Basic requirements for adoption
In New York, people who want to adopt children must be at least 21 years old, in good health, have a source of income, and live in a safe, spacious home that is ready for a child. The adoption process then begins by finding an adoption agency and applying for adoption.
The home study process
A caseworker from the adoption agency will perform training sessions, interviews, and background checks as part of the home study. Typically, the process starts four months after submitting an adoption application.
Through training sessions, potential parents can acquire practical knowledge and skills and learn about the challenges they might face. Meanwhile, interviewers will assess their adoption readiness, parenting style, and personality.
Additionally, prospective parents can expect multiple home visits from the caseworker. This step is necessary to review whether their living situation is safe for a child. Other people living in the home will also have to go through interviews.

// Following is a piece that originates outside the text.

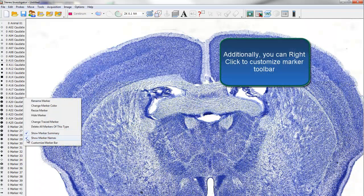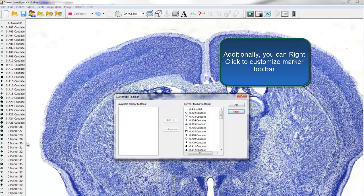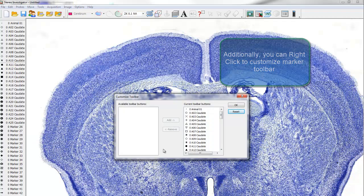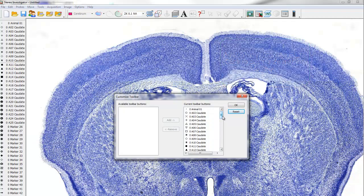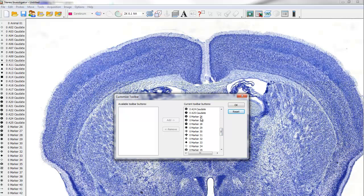Additionally, you can right-click to customize the Markers Toolbar. Remove or add markers from the list. You can click Reset to undo any changes.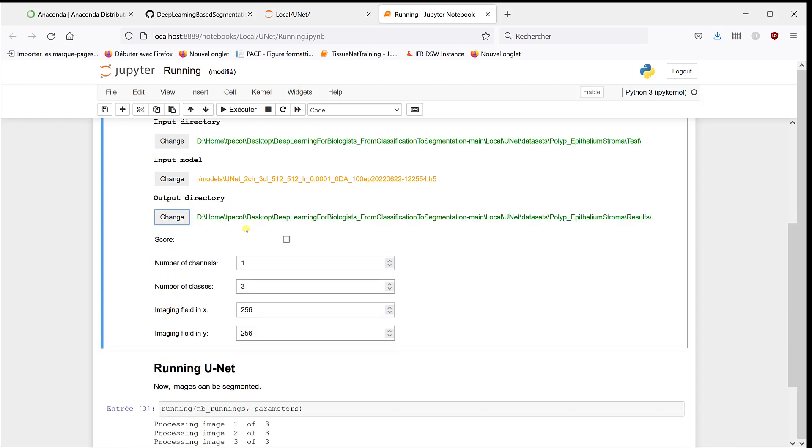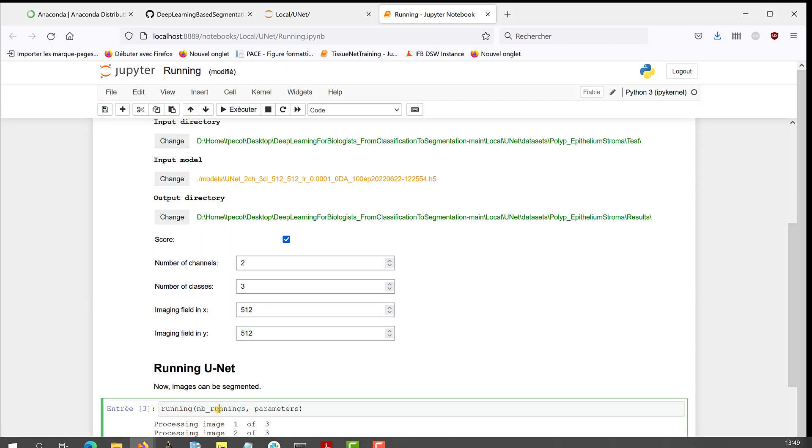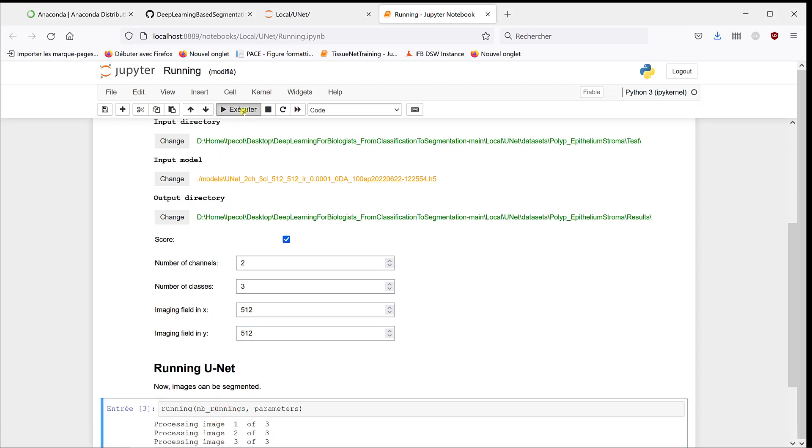And then we can either define the score for each pixel to get the maximum, and then the class that gives the maximum score. So we're going to start with the score, we'll understand how it works, and then we'll do the other one. So number of channels is two - DAPI and Cytokeratin - and the image field is 512 by 512. Now I can start the running.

The agency may deny adoption if the prospective parent or anyone in the household has a criminal history involving:
- Child abuse or neglect
- Spousal abuse
- Criminal acts against a child
Home studies can be uncomfortable, but it is important to remember caseworkers are still human and are not looking for perfection. The caseworker also wants the adoption to go well, but they must ensure the family is ready.
The home study ends once the caseworker completes their report on the family and the agency decides whether to approve or deny the adoption. Despite the long and complicated process, approved parents can finally look forward to meeting their child and finishing the adoption process once it is over.